### INSTRUCTIONS TO FOLLOW
Write out each line of the entries below that holds the word "Lake".

»»

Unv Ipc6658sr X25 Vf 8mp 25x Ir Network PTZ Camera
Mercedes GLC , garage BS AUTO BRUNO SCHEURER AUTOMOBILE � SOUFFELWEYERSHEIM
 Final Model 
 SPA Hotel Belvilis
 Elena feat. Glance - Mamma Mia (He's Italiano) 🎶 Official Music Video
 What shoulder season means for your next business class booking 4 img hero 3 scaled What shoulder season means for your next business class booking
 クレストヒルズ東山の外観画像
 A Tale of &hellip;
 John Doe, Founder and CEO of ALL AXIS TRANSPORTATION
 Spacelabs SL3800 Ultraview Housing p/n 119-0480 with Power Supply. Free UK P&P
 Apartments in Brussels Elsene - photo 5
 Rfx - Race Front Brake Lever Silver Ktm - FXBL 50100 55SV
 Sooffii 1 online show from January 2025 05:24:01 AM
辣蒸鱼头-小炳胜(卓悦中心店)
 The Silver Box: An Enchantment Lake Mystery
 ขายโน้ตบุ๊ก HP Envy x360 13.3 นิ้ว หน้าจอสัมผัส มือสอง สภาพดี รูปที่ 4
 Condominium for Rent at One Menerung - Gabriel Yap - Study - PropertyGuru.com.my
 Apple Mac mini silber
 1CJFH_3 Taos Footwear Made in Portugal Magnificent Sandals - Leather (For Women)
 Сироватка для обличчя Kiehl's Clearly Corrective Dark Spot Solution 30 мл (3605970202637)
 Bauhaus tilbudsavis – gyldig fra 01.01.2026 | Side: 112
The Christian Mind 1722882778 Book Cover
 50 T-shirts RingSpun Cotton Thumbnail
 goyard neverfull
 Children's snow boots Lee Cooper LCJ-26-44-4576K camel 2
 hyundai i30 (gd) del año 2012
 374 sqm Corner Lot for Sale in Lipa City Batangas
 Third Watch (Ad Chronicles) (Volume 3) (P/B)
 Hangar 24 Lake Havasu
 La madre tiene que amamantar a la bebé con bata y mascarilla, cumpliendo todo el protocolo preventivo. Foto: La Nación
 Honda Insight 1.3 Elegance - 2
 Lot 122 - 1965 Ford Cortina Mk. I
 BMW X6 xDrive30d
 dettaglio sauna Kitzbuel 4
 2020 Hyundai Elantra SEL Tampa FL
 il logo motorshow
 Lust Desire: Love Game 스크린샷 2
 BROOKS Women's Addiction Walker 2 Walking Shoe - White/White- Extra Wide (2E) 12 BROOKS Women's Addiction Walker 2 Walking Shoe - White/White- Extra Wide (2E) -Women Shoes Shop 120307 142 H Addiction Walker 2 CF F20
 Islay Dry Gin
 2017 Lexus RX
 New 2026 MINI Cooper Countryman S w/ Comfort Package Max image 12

««

### ANSWER FOR THE TASK
 The Silver Box: An Enchantment Lake Mystery
 Hangar 24 Lake Havasu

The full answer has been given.